Short web captions:
▼

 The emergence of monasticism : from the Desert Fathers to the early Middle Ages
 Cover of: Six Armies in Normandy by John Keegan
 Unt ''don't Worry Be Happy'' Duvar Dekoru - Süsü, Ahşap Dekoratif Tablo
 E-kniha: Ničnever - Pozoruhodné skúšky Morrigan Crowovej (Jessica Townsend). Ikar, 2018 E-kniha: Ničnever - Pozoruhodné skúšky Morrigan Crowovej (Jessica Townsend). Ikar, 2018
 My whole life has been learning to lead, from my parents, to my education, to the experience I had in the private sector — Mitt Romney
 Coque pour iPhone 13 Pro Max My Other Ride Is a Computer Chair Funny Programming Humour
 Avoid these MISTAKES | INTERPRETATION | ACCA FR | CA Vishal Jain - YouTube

▲
▼

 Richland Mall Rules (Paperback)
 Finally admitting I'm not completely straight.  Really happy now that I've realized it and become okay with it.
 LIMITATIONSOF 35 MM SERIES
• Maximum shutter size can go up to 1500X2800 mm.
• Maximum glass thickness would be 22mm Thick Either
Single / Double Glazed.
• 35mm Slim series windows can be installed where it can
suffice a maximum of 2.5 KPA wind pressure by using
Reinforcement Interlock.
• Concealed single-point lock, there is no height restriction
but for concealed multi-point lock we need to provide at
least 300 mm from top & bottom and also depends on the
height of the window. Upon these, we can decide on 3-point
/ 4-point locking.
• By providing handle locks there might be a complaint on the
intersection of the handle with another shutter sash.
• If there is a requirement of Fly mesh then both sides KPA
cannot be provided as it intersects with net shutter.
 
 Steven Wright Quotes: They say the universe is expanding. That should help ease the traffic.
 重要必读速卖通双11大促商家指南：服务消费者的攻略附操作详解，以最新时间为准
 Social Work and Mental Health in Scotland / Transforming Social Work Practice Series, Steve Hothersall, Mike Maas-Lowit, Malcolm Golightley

▲

> _Prompt_: Could you retype exactly the lines above, starting at the line that contains "but for concealed" and ending at the line that contains "both sides KPA", and nothing more?

> _Task response_:
but for concealed multi-point lock we need to provide at
least 300 mm from top & bottom and also depends on the
height of the window. Upon these, we can decide on 3-point
/ 4-point locking.
• By providing handle locks there might be a complaint on the
intersection of the handle with another shutter sash.
• If there is a requirement of Fly mesh then both sides KPA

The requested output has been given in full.